RECORDS FOR THIS TASK |

<<<<

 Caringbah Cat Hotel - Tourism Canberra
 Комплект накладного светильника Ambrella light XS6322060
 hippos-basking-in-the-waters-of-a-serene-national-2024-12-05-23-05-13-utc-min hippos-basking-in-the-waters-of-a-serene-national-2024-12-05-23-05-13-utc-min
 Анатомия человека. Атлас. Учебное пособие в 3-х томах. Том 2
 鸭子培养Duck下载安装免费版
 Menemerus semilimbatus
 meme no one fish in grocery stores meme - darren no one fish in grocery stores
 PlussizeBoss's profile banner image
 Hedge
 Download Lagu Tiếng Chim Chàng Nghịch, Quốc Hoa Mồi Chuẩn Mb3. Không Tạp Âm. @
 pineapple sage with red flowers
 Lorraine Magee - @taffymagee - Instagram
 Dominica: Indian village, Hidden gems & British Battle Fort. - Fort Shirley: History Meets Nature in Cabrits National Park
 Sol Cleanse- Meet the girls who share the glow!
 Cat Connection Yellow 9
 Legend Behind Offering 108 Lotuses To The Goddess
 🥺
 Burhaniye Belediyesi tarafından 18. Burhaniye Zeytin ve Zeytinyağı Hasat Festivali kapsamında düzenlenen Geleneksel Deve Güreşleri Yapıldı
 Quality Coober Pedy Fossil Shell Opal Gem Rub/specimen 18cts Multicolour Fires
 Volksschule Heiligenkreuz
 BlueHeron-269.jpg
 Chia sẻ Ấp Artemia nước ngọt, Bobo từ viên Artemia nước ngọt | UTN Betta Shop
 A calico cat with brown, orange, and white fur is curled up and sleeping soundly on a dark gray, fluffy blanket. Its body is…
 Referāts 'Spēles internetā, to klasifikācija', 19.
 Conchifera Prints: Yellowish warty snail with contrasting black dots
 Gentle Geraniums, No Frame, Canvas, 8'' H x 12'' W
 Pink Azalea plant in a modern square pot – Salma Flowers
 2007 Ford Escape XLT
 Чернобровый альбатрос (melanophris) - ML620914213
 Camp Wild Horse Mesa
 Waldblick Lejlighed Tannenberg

>>>>

Lines in scope run from the one holding "Referāts 'Spēles internetā, to" to the last line of the material above; transcribe them exactly and omit the rest.

RESULT OF THE EXERCISE |
 Referāts 'Spēles internetā, to klasifikācija', 19.
 Conchifera Prints: Yellowish warty snail with contrasting black dots
 Gentle Geraniums, No Frame, Canvas, 8'' H x 12'' W
 Pink Azalea plant in a modern square pot – Salma Flowers
 2007 Ford Escape XLT
 Чернобровый альбатрос (melanophris) - ML620914213
 Camp Wild Horse Mesa
 Waldblick Lejlighed Tannenberg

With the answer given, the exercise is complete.